Использование слова «элита» в нашем журнале есть вынужденная уступка существующим языковым нормам. Альтернатива — построение «новояза», всегда в какой-то мере претенциозного. Этого не хотелось, и в результате действительно возникла (по моей вине) недоопределенность терминов. Снять ее можно, было и раньше, например, противопоставив элиту и элитариев, элитность и элитарность.
Элитарность — основана на глубочайшем презрении к плебсу, стремлении обособиться от него, в том числе и за счет строительства отдельной и параллельной народу субкультуры элитарного типа. Элитность — основана на любви к народу, осмыслении его опыта и его творчества как бесконечного источника знания и мудрости. Элитарность — сибаритствует, самолюбуется и тянется к бессмысленной роскоши. Элитность — основана на самоограничении, аскезе, готовности служить своему народу. Она основана на профессиональном долге, который требует от элиты умения осмыслить традиции в соответствии с современностью, умения выделить проблемы, решить их, определить цели и технологии и, наконец, реализовывать их в интересах народа. Элитность требует самоограничения, самоотверженности. «Наш монастырь — Россия», — писал Гоголь.
Да, мы служим России, такой, какая она есть, и такой, какая она должна быть, исходя из сути своей, своих поту- и посюсторонних потенций. Мы не «ломаем ей хребет», мы пытаемся вслушиваться, всматриваться и постигать. Мы говорим об опасностях, стоящих на ее пути, и, коль скоро эти опасности идут от «друзей», мы рвем с «друзьями». Понять этого не могут ни патриоты, зачастую строящие отношения на неформальщине и групповщине, ни демократы — то ликующие по поводу назревающего раскола, то говорящие о моей дискуссии с Прохановым как о борьбе между нанайскими мальчиками.
Рецензент из газеты «Сегодня» справедливо критикует наш, журнал за то, что, говоря об элите, мы не являемся элитарным изданием. Воистину — это так. И если «Сегодня» хочет отобрать у нас словечко «элита», то мы его с радостью отдаем, с искренней благодарностью за критику и наилучшими пожеланиями: пусть тешатся кастовым своим «благородством»!
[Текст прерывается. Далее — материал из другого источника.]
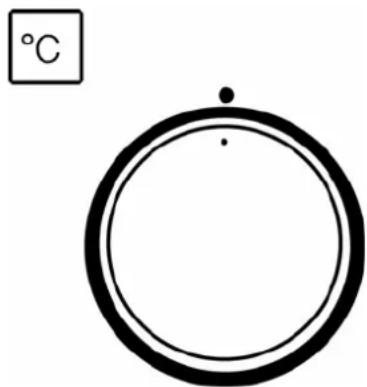 BOMANN EBO 962 - Der Temperaturwähler - 1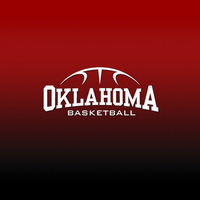 Oklahoma Sooners - Basketball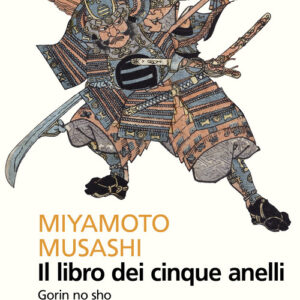 Libro - Il libro dei cinque anelli. Gorin no sho - ISBN 9788807894404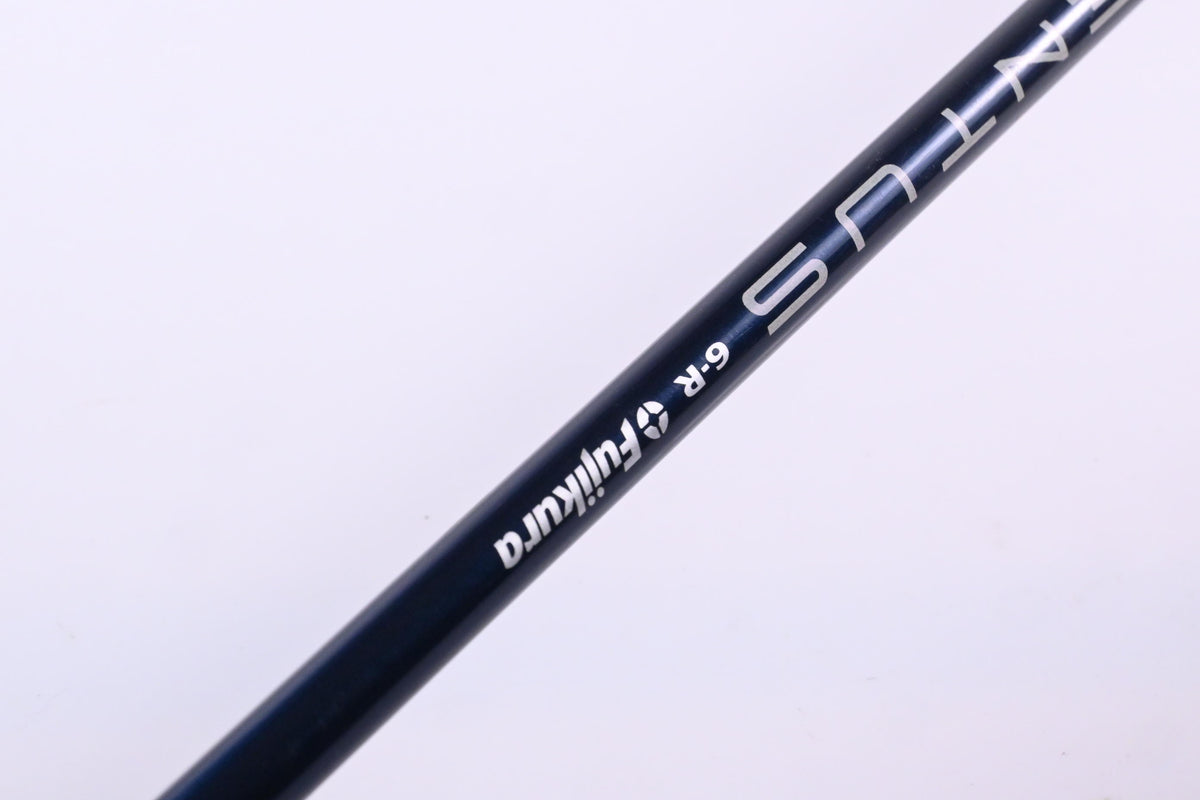 Taylormade SIM2 Max #3 Hybrid / 19 Degree / Regular Flex Fujikura Ventus Blue 6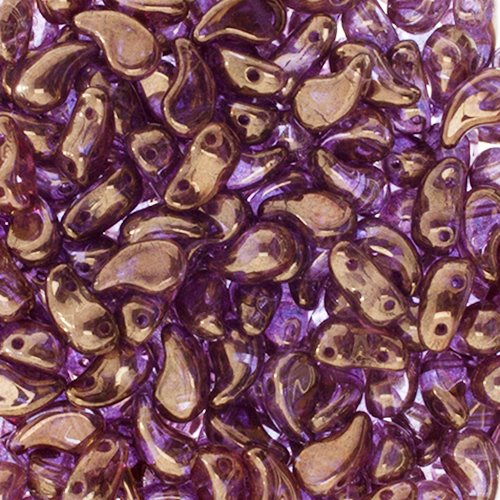 Zoliduo - Crystal Golden Luster - LEFT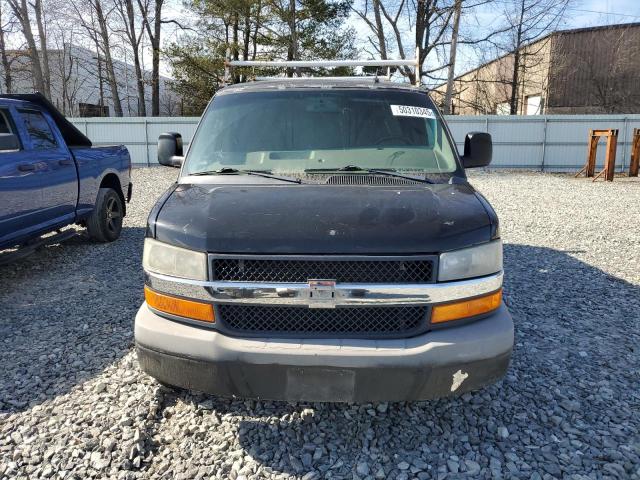 2014 CHEVROLET EXPRESS G1 #3303594934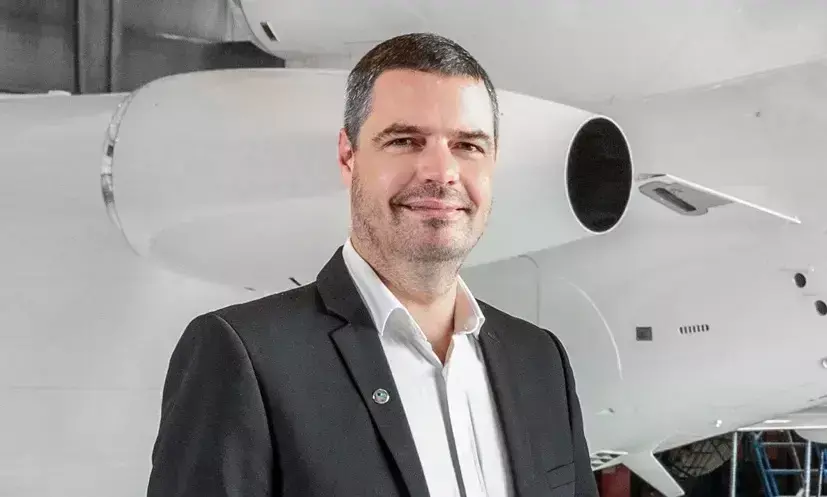 ACS promotes Nick Harris to lead Airline Relations in MEISC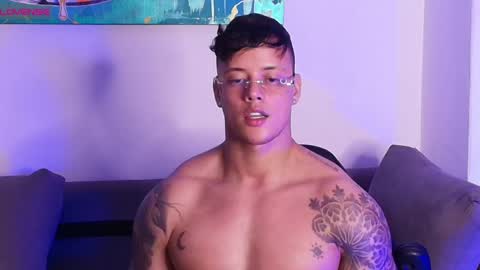 imconor online show from 05/20/26, 11:44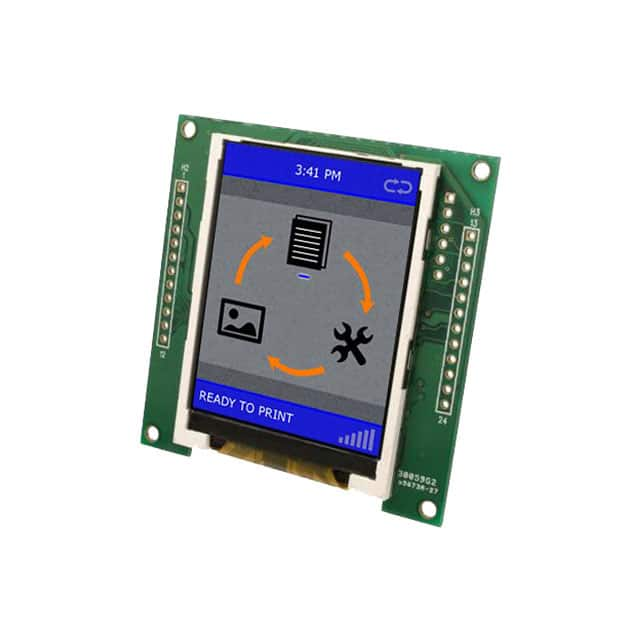 INT022ATFT Displaytech                                                                    LCD DISP TFT 2.2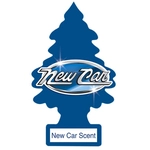 Order LITTLE TREES - U1P-10189 - Air Freshener For Your Vehicle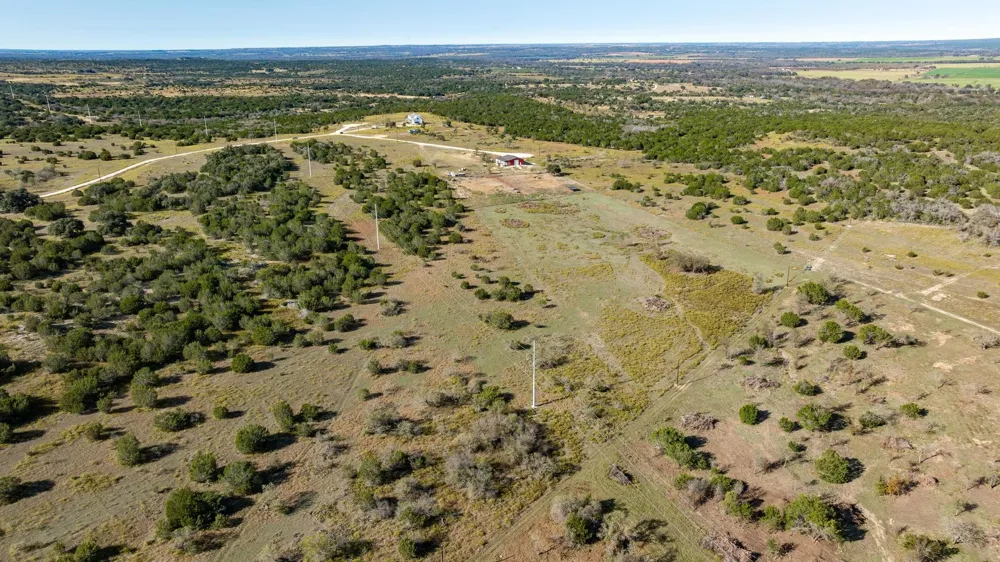 Bluff View Trail Gustine, TX 76455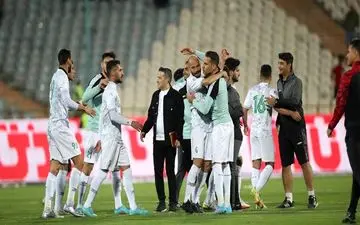 درخواست رسمی آلومینیوم برای تغییر محل برگزاری فینال جام حذفی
Что касается нас, то мы ищем себя за пределами и тупого жлобства парткабинетов на Старой площади, приведшего нашу страну к катастрофе, и… элитарных производных (!) этого жлобства. Есть у нас наш, рабочий термин: «клиократия» — власть профессионалов, ответственных за историю и перед историей. Мы применяем его для того, чтобы отделить себя от элитаризма. Есть и другой термин — «технопатрия», то есть технократическое почвенничество (единство вроде бы несовместимых понятий). Мы употребляем этот термин для того, чтобы отделить себя от не знающего высоких целей технократизма и от той части почвенничества, которая не может или не хочет понять и принять реалий XXI века. Мы не любим новых словообразований, но видимо, в них есть нужда, коль скоро речь идет об описании, познании и преобразовании качественно новой исторически беспрецедентной реальности. Есть и западное слово — «когнитариат». Есть представление обществоведов, футурологов, экономистов и политологов о зарождении «нового интеллектуального класса». Пока что представление — размытое и не сопряженное с национальной традицией. Но и это — лучше, чем ничего. Есть определение Ф. М. Достоевского об ищущих русских людях, для которых жить и умереть — не важно, «а важно мысль разрешить».
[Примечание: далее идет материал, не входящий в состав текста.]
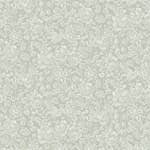 Tapet Duro Jenny Blommig 67802 QuickUp, Mönstrad Ljusgrön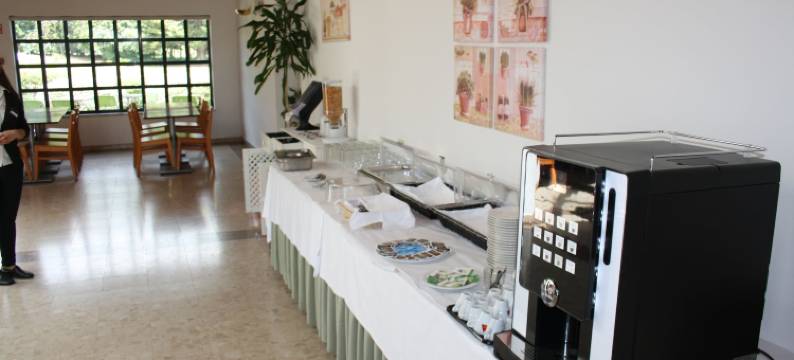 圣塔伦旗帜酒店(Flag Hotel Santarém)图片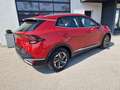 Kia Sportage *SILBER*ALLRAD*AHK* Rot - thumbnail 5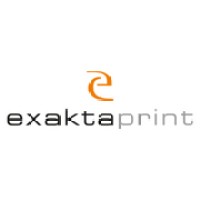 Exakta Print logo, Exakta Print contact details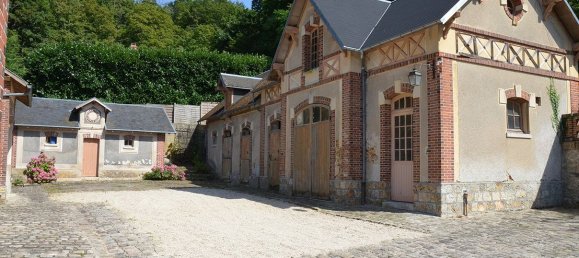 2 غرف نوم منزل في Levis-Saint-Nom, France رقم 135266 2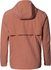 VAUDE Men's Mineo 2L Jacket auburn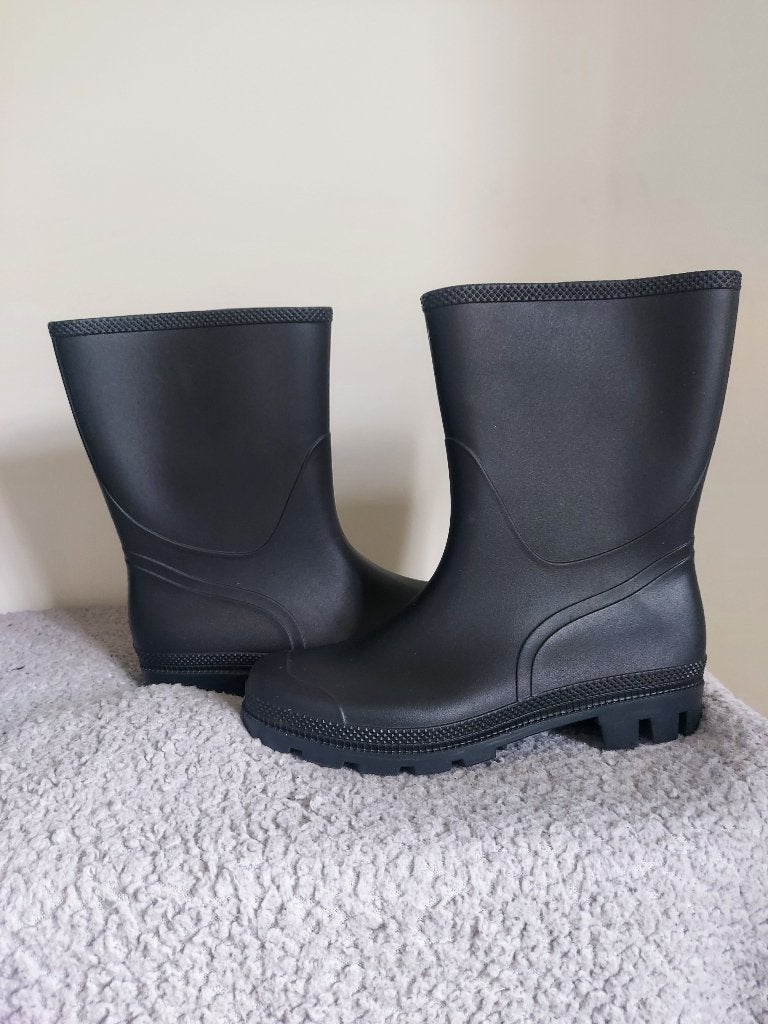 Grijze laarzen, Overige kleuren, Boots, Ophalen of Verzenden, Zo goed als nieuw
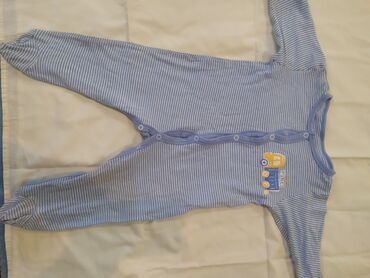 Комплекты одежды: Комплект, цвет - Голубой — 9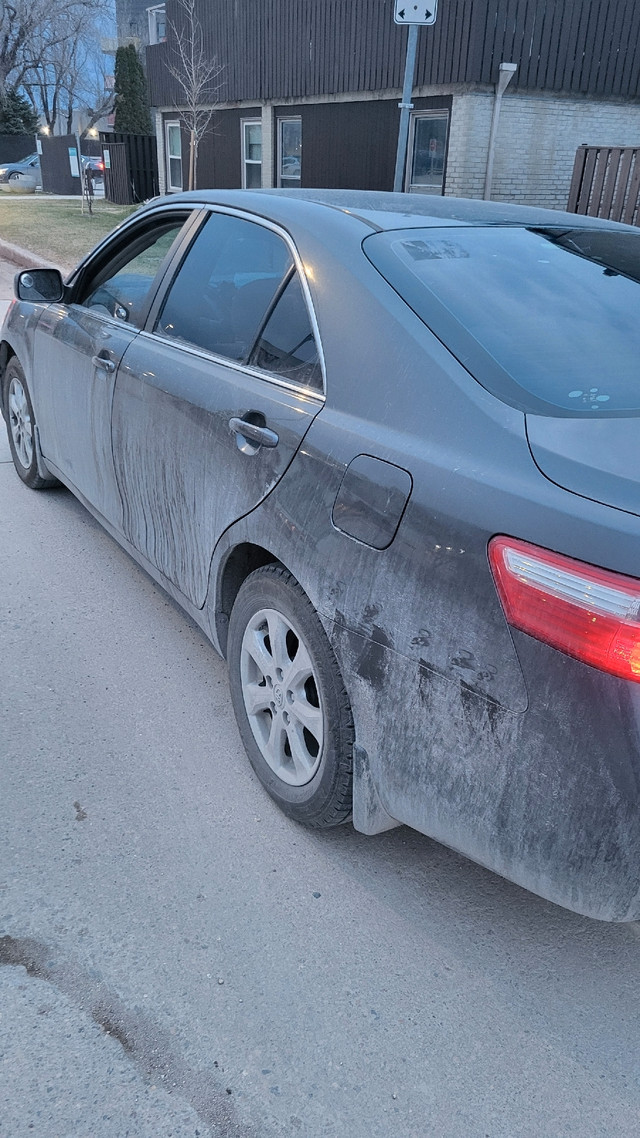 Toyota camry le v6 in Cars & Trucks in Winnipeg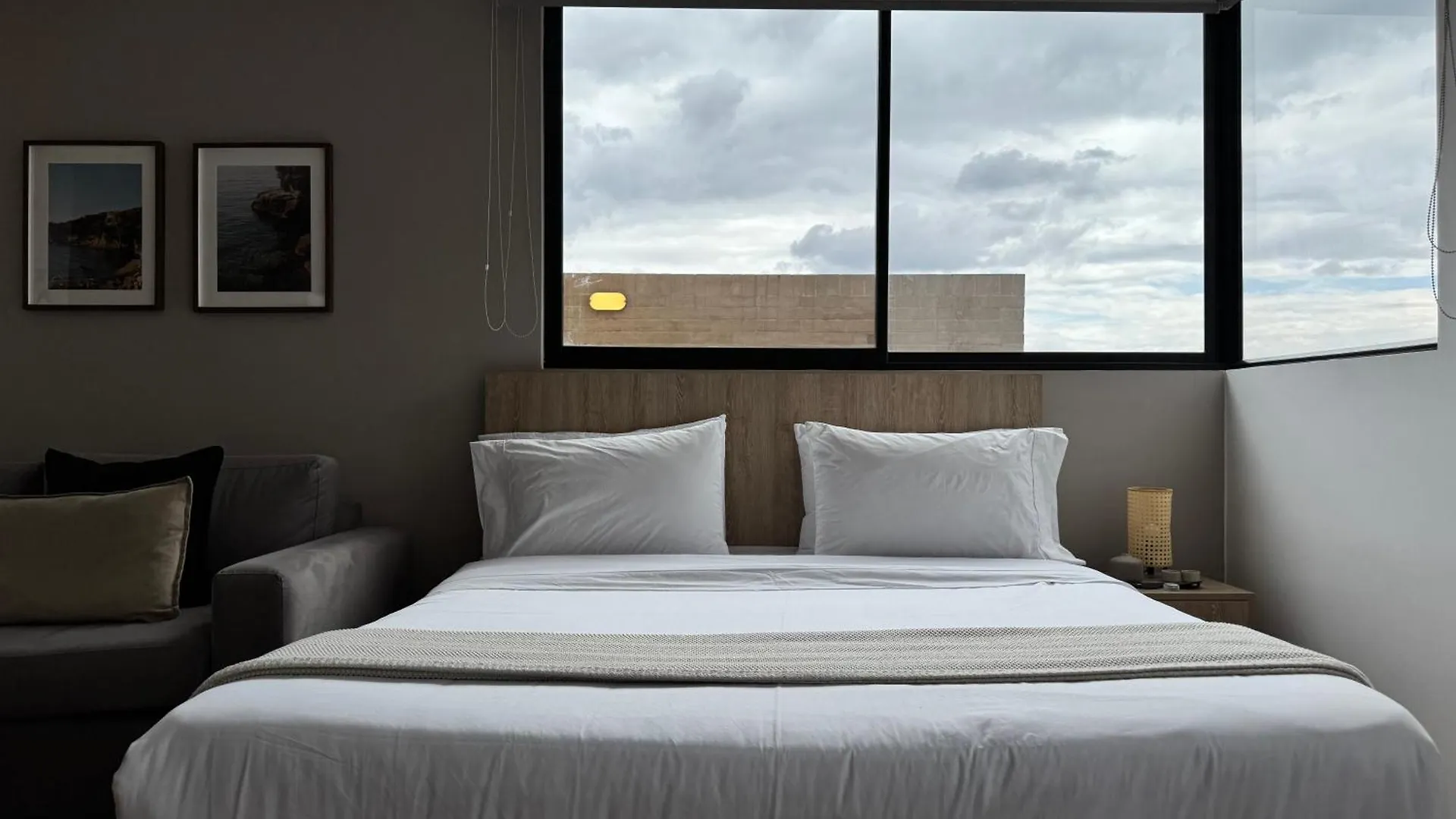 Daire W* Stunning Loft W Fantastic Deco In Usaquen Bogotá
Россия ищет себя — украденную у нее же самой «двугорбыми» элитариями. Она ищет себя прежнюю, новую, вечную. Она ведет этот поиск иногда с определенной долей косноязычия и невнятности. но это — косноязычность и неоформленность глоссолалии. И мы ищем вместе с другими, блуждаем в потемках вместе с другими и выйдем к свету вместе с другими.
Мы — в начале пути. Мы не боимся наивности. Боимся мы другого — бессодержательной, претенциозной, тупой элитарности.
Выморочные элитарии, находясь на разных флангах политического «бомонда», одинаково не любят Россию или же кокетничают своими чувствами к ней (что еще более омерзительно).
Нам предстоит долгий путь, и он будет нелегким. Нам предстоит учиться самим и учить других. Элитарии же учиться не хочет, это ему не нужно и даже вредно. В этом смысле он для нас был и остается чужим.
Наши читатели — это те, кто еще не утерял волю к пониманию, к проникновению в суть. И эти читатели — везде: на заводах и фабриках, в селах и городах, в университетах и школах, в гибнущих НИИ и разоренных библиотеках, в кабинетах директоров, мучительно пытающихся спасти предприятия, в офисах действительно «вкалывающих» предпринимателей-производственников, в казармах военнослужащих, пытающихся понять, в чем сегодня их долг.